======== RECORDS TO USE
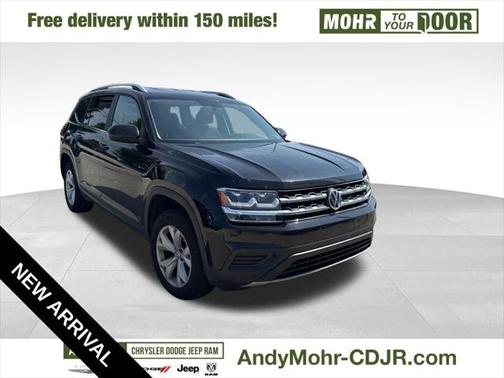 2018 Volkswagen Atlas 3.6L S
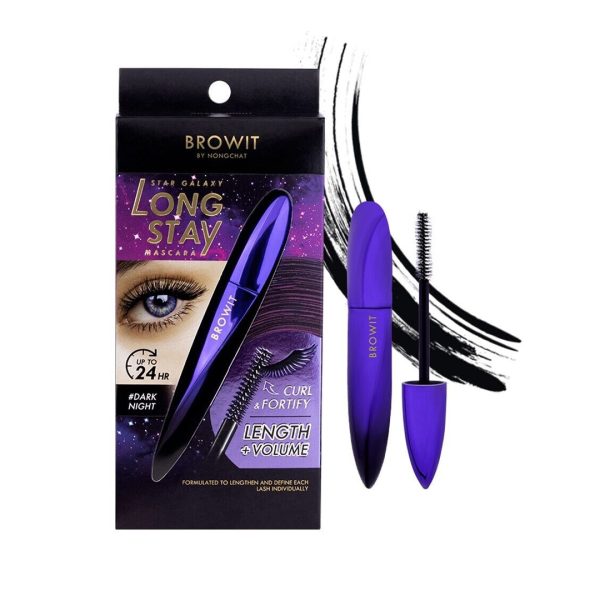 Browit Star Galaxy Long Stay Mascara 8g Dark Night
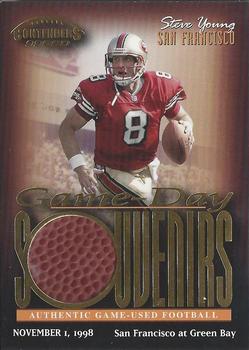 1999 Playoff Contenders SSD - Game Day Souvenirs #GS3 Steve Young Front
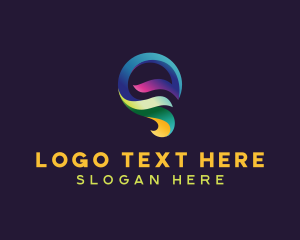 Lettermark - Colorful Professional Letter E logo design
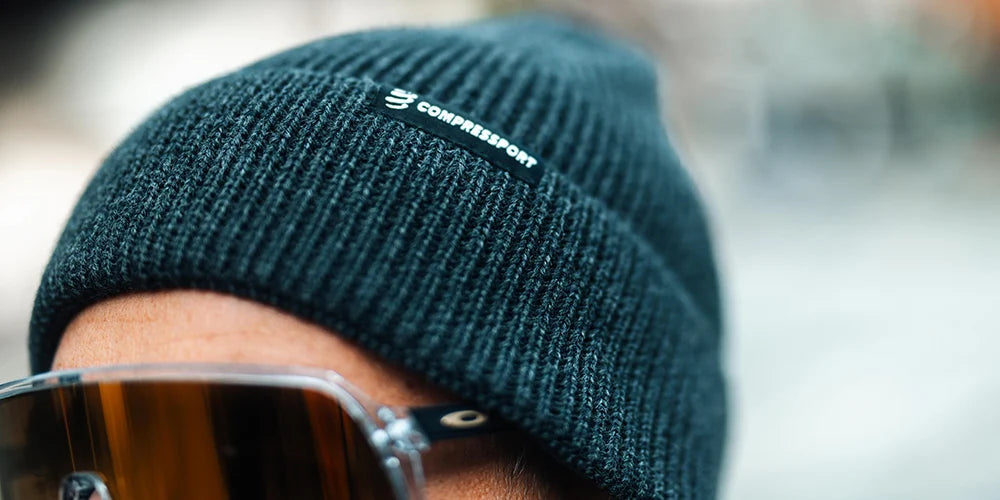 Podium Beanie - Raven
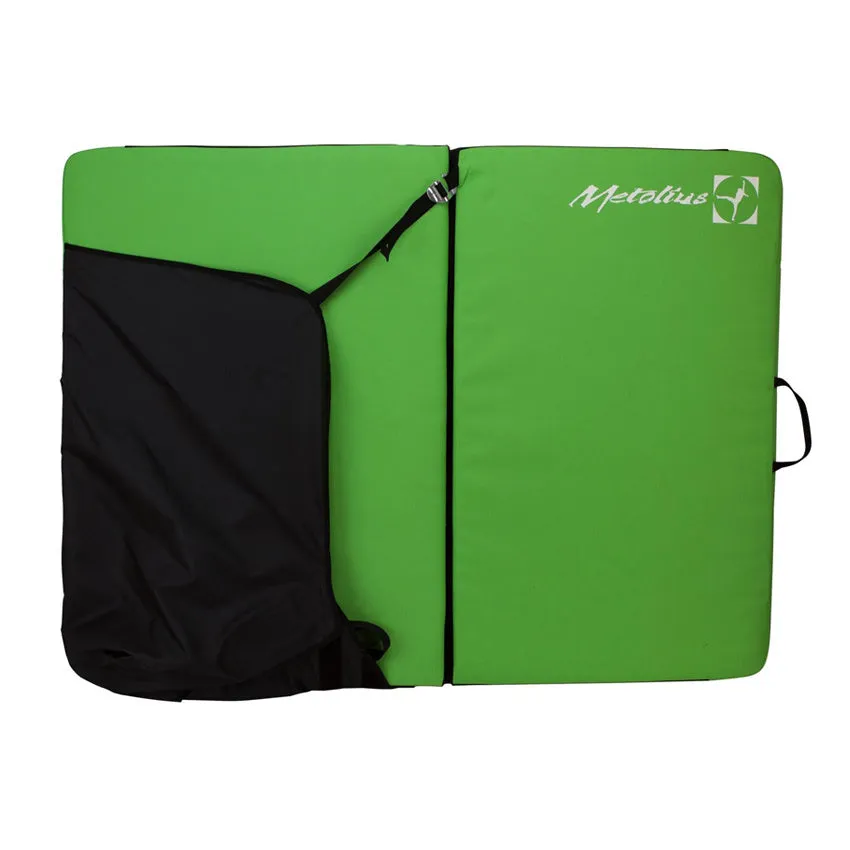 Metolius Session II Crash Pad - High-Performance Crash Pad for Serious Bouldering and Climbing Safety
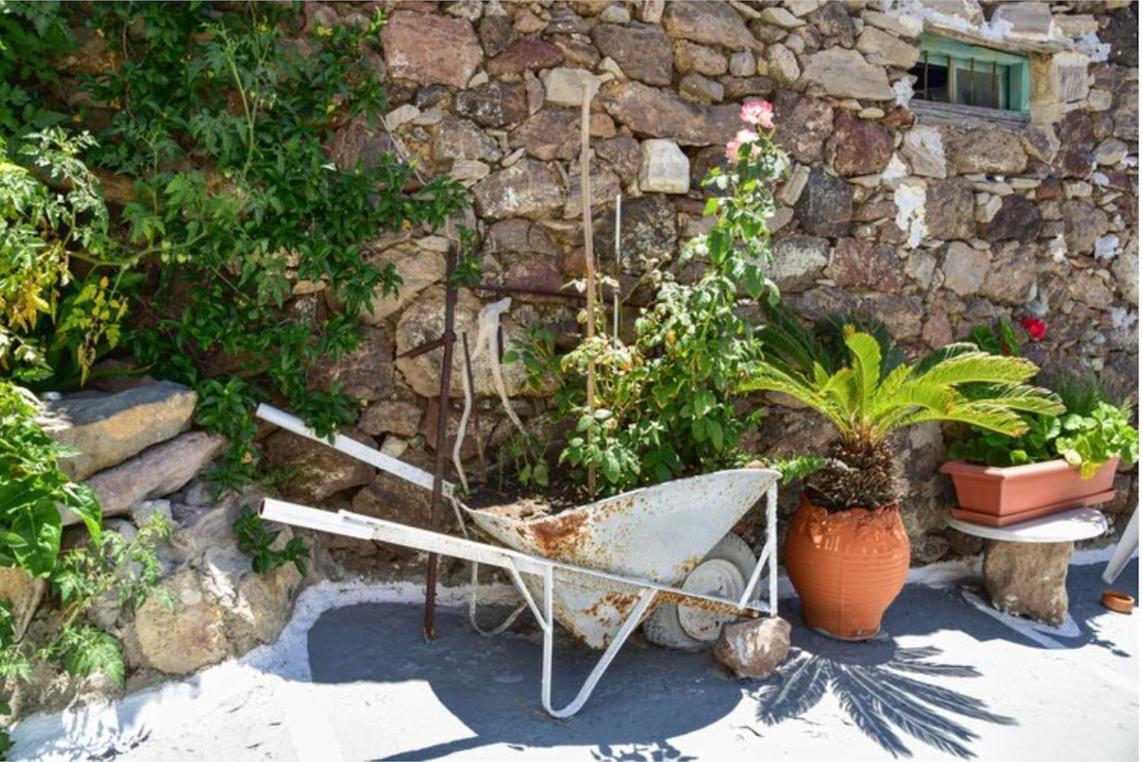 Traditional Cycladic House Tripiti Luaran gambar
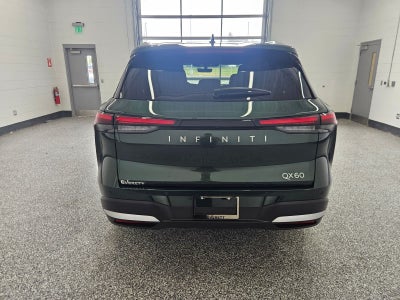 2027 INFINITI QX60 LUXE
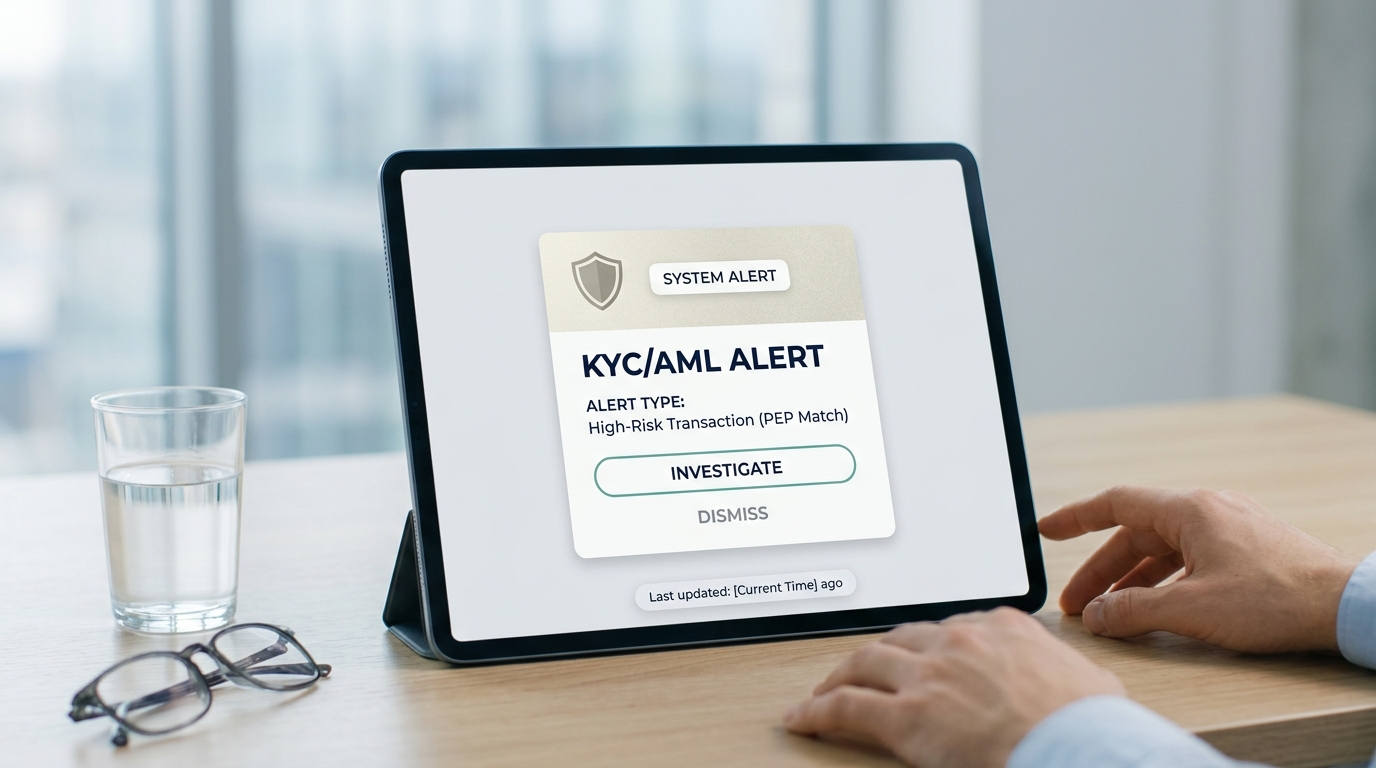 AML alert
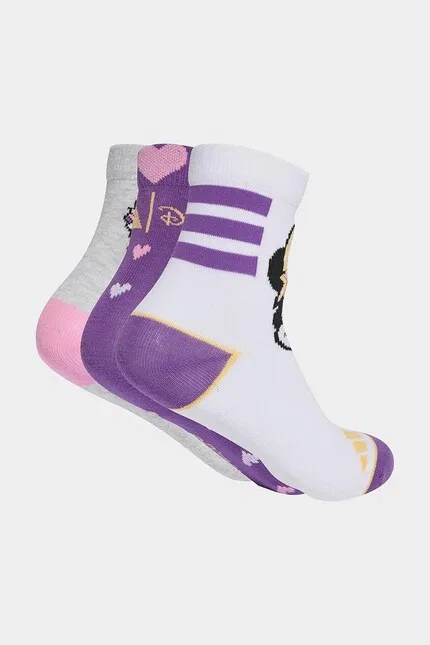 Носки детские 3 шт Adidas Performance, белый — фото 2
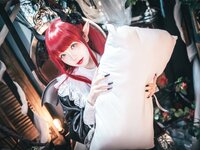 [Cosplay] 雪晴Astra 喜多川海梦 利兹 恶魔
================
• WHAT THIS TASK INVOLVES: A word-for-word copy is needed of the lines from the line holding "2027 INFINITI QX60 LUXE" through the end of the records, both included, excluding every picture.

• WORKED SOLUTION:
 2027 INFINITI QX60 LUXE
 AML alert
 Носки детские 3 шт Adidas Performance, белый — фото 2
 [Cosplay] 雪晴Astra 喜多川海梦 利兹 恶魔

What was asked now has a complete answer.